Rabbits digest fiber poorly. They need a generous amount of fiber in the diet (about 15% crude fiber) for proper digestion and to reduce the chance of intestinal disease. Fiber may also absorb toxins produced by bacteria and help expel these toxins through the hard droppings. Diets low in fiber increase the risk of intestinal problems such as enterotoxemia, which can cause severe diarrhea and death. A proper balance between fiber and other dietary components is essential for the health of your pet.
A dietary supply of vitamins A, D, and E is necessary. Bacteria in the gut produce B vitamins and vitamin K in adequate quantities, so dietary supplements of these vitamins are usually unnecessary. Diets containing alfalfa meal generally provide sufficient vitamin A. Lack of vitamin A in the diet may cause abortion or problems with fetuses. Vitamin E deficiency has been associated with infertility, muscular dystrophy (a gradual wasting and weakening of muscles), and fetal and newborn deaths. Disease and stress may increase daily vitamin requirements. High-quality commercially available pelleted diets for rabbits should contain the proper nutrients and should be stored in airtight containers under cool, dry conditions to ensure that vitamins are not destroyed.
The essential components of your pet’s diet (such as protein, fiber, fat, and energy) are the same throughout its life, but the amounts needed vary according to the life stage (growth, pregnancy, nursing, or maintenance), breed, condition, and lifestyle of the rabbit. Ratios should meet the nutrient requirements of the National Research Council (see Table: Nutrient Requirements of Rabbits).
Pelleted rabbit feeds provide good nutrition at reasonable cost.
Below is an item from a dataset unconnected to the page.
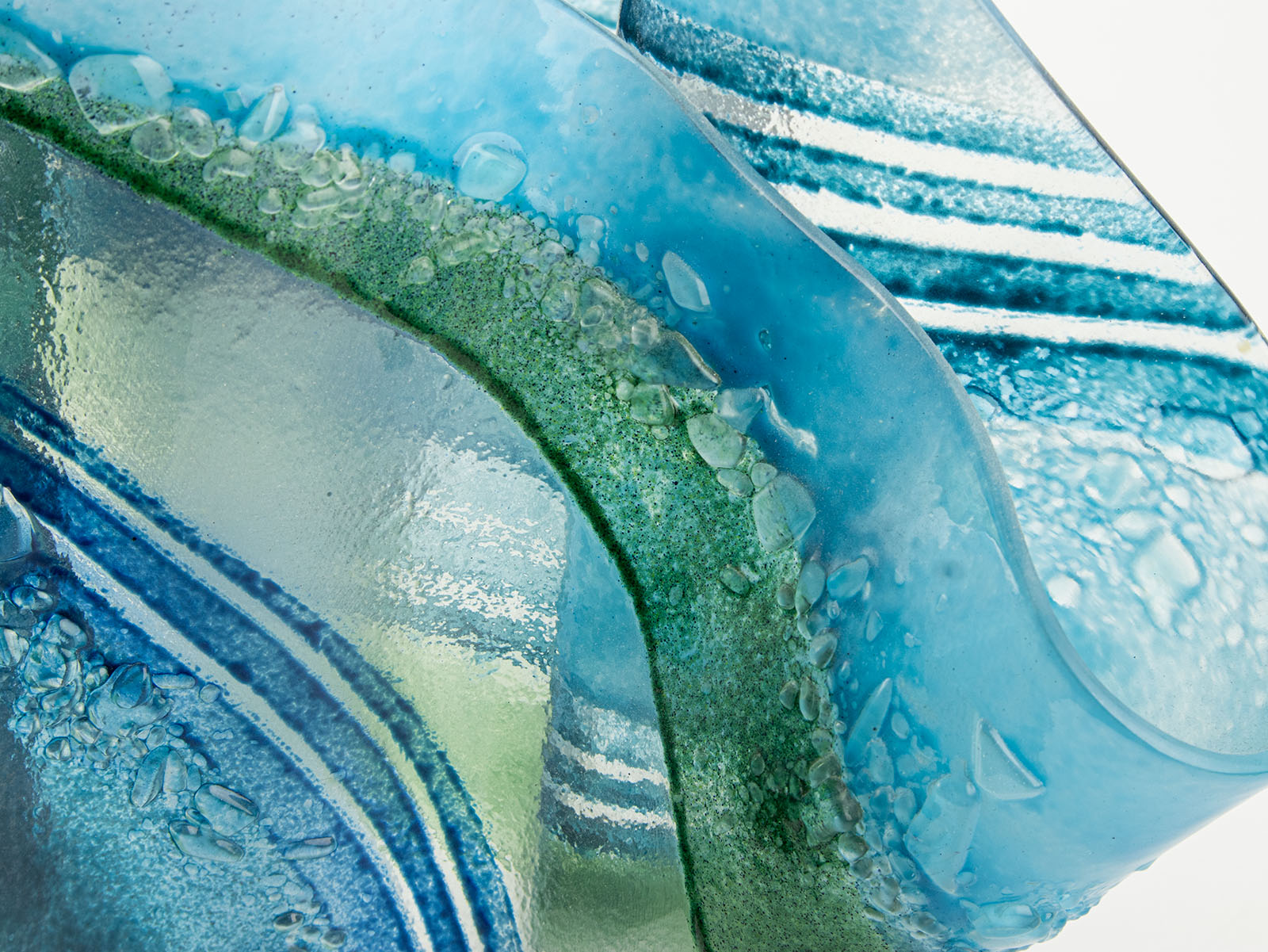 Close up of fused glass large vase handmade in Cornish studio in coastal blue colours. Stunning homeware piece of sculptural glass.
Fresh, clean water should always be available. Adult rabbits should have timothy hay available at all times to avoid hairballs and maintain a healthy digestive tract. Prolonged intake of typical commercial diets containing alfalfa meal may lead to kidney damage and calcium carbonate deposits in the urinary tract. Lowering the calcium level to 0.4% to 0.5% of the diet (for non-nursing rabbits) helps reduce these problems. Calcium reduction can be done by feeding pelleted diets that have a timothy hay base. Adult pet rabbits not intended for breeding should be fed a high-fiber pelleted diet, restricted to 1/4 cup per 5 pounds of body weight (59 milliliters per 2.3 kilograms body weight) per day to prevent obesity and maintain a healthy digestive system. Some plants are toxic to rabbits and should be avoided (see Table: Plants and Foods that are Harmful to Rabbits).
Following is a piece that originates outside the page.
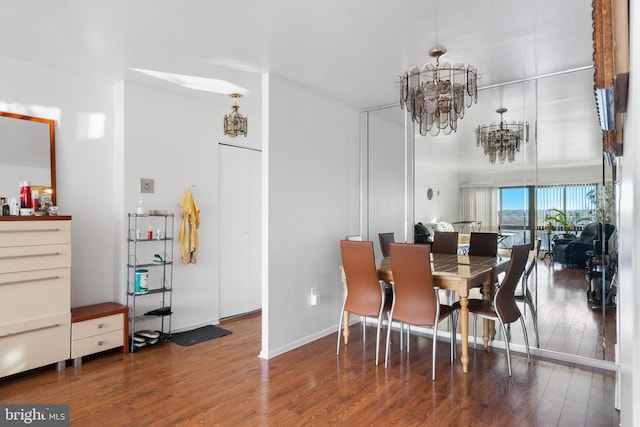 dining area featuring a notable chandelier, baseboards, and wood finished floors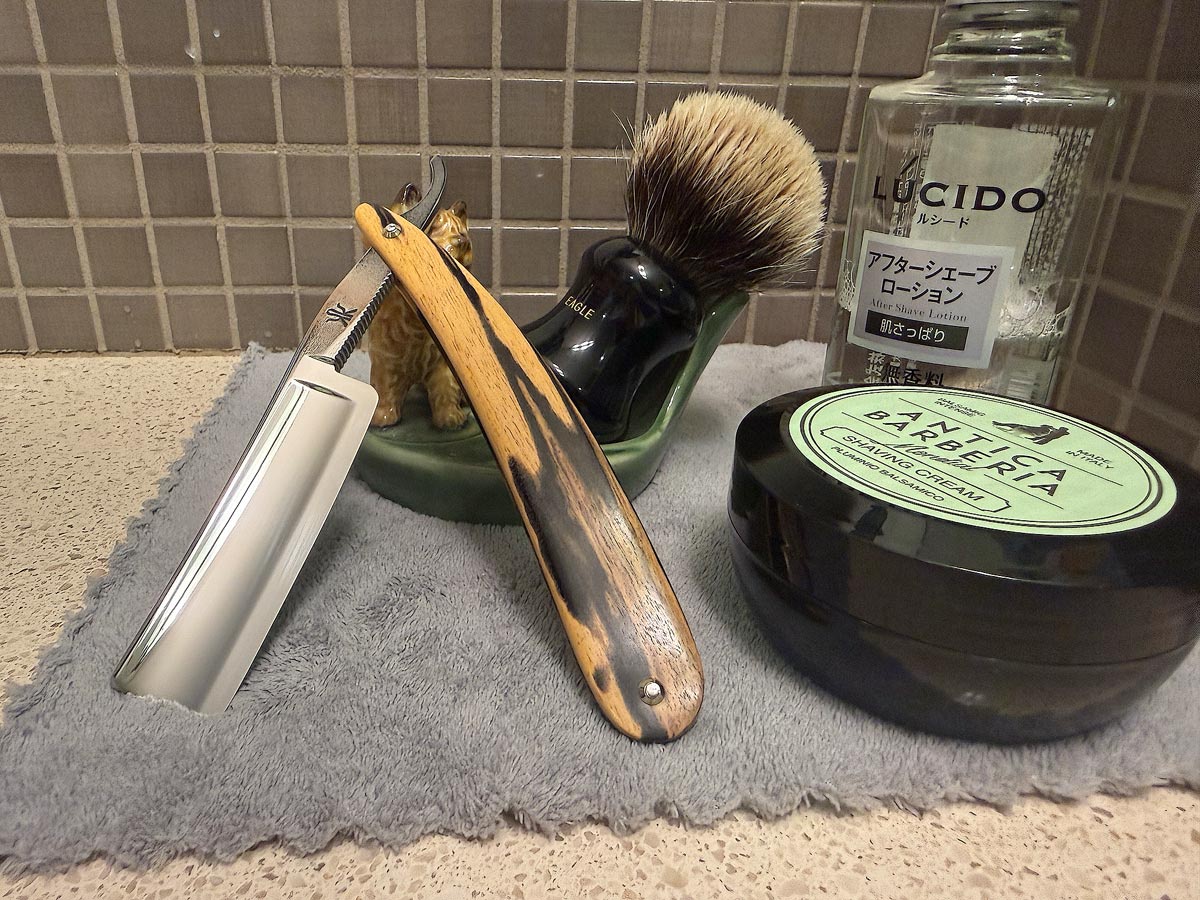 On a gray microfiber towel a straight razor with blade open about 45 degrees leans next to a bottle of aftershave and a jar of shave soap. A shave brush rests bristles-up in a green Wade ceramic pipe rest that features a brown Cairn Terrier.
Plants and Foods that are Harmful to Rabbits
Exercise is necessary for the health of your rabbit. A roomy cage that allows space to move around helps maintain physical and emotional health. Allowing your rabbit some time each day to roam freely outside its cage (under constant supervision) and providing it with a variety of toys and items on which to gnaw provides some exercise and helps keep your pet from becoming bored.
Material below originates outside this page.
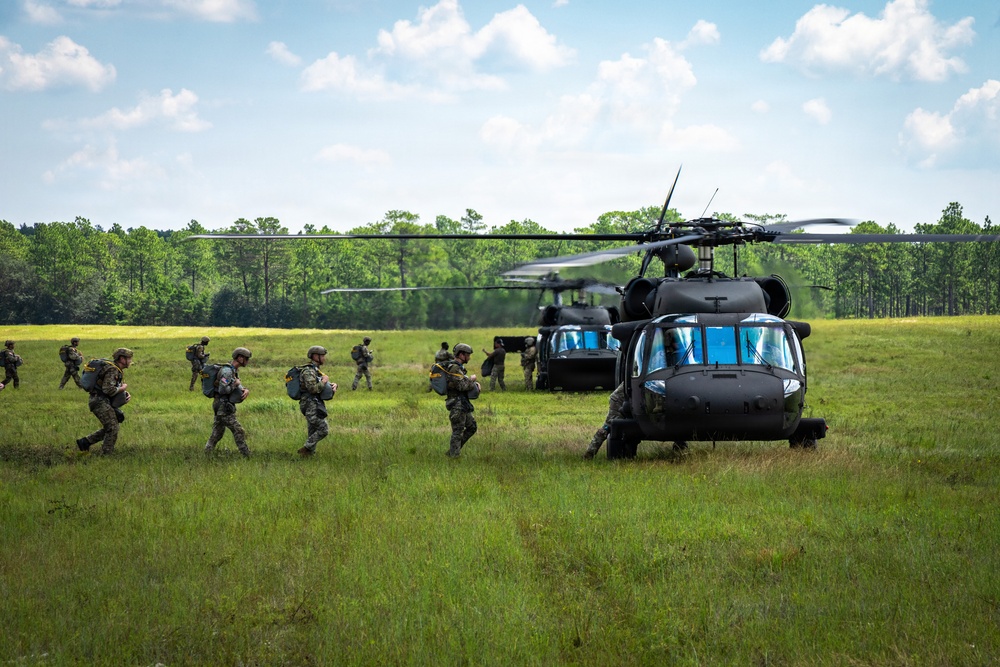 Soldier loading into a UH-60 ready to conduct Airborne operation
Rabbits are quiet, friendly, playful pets if treated correctly. They are social, but not all rabbits enjoy being handled. Before housing rabbits together, carefully assess them for compatibility. Rabbits are most active at dawn and dusk.
In general, small rabbits do not really like to be handled and tend to struggle if picked up. Medium to larger rabbits may be calmer and easier to handle. When picking up or holding a rabbit, support its hind end and legs to prevent injury to the back. Proper handling and restraint of your rabbit is important. Rabbits have powerful hind limbs, which can kick out and lead to broken backs if they are not held securely. Rabbits should never be held by the ears. Toenails on the rear limbs may severely scratch unprotected arms when holding a rabbit.